British Prime minister Theresa May has asked the European Union for a short Brexit delay until June 30, 2019.
The British PM sent a letter to the EU on Wednesday to request an extension to Article 50, which she triggered on 29 March 2017 and gave the UK two years to negotiate its EU exit. The planned Brexit date, on 29 March 2019, is just 9 days away.
EU Commission President Jean-Claude Juncker told the German radio station DLF on Wednesday morning that he believed the EU might need another summit, in addition to the one planned this week, to agree on a possible extension.
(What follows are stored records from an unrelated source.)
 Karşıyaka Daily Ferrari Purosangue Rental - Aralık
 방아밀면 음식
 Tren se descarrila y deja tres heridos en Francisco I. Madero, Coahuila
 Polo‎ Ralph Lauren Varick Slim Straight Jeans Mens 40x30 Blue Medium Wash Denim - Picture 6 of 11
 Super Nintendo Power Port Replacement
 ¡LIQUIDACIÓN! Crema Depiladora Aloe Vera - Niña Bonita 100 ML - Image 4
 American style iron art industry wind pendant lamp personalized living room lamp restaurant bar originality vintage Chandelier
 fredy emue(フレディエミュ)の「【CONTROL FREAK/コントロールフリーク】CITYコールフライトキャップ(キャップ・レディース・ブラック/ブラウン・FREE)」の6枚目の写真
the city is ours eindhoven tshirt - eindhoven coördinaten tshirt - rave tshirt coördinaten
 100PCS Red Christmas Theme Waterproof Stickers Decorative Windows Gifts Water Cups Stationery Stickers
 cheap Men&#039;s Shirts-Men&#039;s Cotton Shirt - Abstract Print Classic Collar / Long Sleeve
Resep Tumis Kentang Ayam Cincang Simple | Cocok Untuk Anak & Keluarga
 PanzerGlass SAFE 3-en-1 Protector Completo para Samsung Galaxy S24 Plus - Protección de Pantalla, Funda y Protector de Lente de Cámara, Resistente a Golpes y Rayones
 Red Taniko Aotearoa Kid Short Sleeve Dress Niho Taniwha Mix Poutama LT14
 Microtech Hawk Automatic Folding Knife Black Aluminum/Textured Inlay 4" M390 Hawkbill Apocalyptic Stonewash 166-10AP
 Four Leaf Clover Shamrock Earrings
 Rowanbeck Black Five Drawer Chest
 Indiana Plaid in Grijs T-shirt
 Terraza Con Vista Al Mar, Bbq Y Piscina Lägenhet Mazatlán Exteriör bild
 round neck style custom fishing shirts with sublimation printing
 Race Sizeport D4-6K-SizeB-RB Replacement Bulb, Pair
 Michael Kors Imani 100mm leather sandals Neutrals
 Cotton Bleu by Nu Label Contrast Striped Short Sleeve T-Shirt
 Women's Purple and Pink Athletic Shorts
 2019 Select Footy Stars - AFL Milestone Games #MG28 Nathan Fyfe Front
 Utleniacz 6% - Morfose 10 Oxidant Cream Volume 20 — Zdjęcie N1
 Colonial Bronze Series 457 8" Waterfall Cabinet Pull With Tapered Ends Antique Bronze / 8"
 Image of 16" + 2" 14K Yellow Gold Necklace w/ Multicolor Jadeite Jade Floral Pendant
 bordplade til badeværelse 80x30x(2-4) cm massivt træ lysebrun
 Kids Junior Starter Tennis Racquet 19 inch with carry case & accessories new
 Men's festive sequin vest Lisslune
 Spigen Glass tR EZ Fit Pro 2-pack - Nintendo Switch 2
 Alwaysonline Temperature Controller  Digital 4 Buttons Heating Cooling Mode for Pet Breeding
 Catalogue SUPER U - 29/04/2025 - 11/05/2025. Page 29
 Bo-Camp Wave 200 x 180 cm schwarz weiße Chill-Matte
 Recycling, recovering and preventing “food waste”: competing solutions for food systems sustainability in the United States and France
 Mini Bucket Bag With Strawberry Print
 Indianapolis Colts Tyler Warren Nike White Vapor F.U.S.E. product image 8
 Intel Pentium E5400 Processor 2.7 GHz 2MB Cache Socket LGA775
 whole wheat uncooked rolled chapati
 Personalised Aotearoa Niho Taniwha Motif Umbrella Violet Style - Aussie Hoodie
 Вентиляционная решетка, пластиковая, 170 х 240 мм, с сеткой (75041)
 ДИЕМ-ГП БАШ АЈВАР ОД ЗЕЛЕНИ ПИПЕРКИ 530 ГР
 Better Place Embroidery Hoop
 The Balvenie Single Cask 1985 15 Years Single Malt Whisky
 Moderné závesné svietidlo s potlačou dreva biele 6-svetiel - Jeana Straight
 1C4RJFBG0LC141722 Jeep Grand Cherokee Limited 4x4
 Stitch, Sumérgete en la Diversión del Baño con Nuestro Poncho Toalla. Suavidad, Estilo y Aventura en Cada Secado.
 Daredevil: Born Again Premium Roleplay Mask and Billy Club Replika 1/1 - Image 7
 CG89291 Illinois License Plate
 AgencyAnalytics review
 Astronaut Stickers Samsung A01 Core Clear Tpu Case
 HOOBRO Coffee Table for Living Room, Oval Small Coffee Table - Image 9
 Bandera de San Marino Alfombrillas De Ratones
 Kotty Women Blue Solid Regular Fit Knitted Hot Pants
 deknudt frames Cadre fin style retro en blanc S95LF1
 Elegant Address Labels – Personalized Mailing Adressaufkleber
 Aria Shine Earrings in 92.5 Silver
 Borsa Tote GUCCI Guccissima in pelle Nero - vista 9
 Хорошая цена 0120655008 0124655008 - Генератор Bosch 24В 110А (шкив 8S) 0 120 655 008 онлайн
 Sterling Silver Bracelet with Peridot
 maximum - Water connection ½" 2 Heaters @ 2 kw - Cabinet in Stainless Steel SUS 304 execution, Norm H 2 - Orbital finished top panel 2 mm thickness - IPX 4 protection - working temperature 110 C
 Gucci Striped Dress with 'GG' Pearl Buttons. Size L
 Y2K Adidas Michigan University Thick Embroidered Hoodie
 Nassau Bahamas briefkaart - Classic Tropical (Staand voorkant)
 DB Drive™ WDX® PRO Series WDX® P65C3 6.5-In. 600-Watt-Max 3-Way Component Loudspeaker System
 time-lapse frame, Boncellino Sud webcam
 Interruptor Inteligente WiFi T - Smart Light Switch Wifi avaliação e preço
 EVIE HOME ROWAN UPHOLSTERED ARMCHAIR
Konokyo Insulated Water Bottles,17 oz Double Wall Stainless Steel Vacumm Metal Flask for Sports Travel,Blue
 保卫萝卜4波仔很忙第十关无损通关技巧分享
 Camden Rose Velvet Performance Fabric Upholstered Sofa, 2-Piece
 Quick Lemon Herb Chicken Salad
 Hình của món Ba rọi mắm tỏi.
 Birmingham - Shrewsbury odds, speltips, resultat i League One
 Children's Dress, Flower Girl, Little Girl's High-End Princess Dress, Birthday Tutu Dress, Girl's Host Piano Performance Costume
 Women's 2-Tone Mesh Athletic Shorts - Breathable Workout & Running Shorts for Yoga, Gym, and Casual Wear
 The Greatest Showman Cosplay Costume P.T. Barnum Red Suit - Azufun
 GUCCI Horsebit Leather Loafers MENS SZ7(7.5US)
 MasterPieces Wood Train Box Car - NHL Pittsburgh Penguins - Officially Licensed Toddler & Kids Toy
France has sent strong signs suggesting it might veto a Brexit extension. "Our message on Brexit is clear: ratify the deal or leave without an agreement", the French foreign minister, Jean-Yves Le Drian, said on Wednesday. "If May cannot offer guarantees that her Brexit deal will be passed in the British parliament, the European Council will turn down her extension request."
The British parliament has twice voted down the exit deal Theresa May agreed with the EU in November, but May hopes to put it to another vote, possibly as early as next week.
She has warned that if parliament does not ratify her deal, she would ask to delay beyond June 30, a step that Brexit's advocates fear would endanger the entire divorce.
The former Conservative party leader Iain Duncan Smith told the BBC on Wednesday that a delay to Brexit will "create problems" and can only be possible if May can change her withdrawal deal.
"Any delay creates a bow wave of problems, not just for the government here but for the governing party around the country," Duncan Smith said. "There is only one reason that would pass muster, and that would be because the agreement has to be changed... Any delay must be hinged around the idea of getting change to the deal, but any other reason simply doesn't work."
Andrea Leadsom, a senior minister in May's cabinet, said the UK would want to be out of the EU before it holds European elections in May. "It is absolutely essential we are out of the EU before the EU elections. It would be extraordinary for the people who voted to leave the EU to find us fielding candidates for these next elections," she told British radio broadcaster LBC.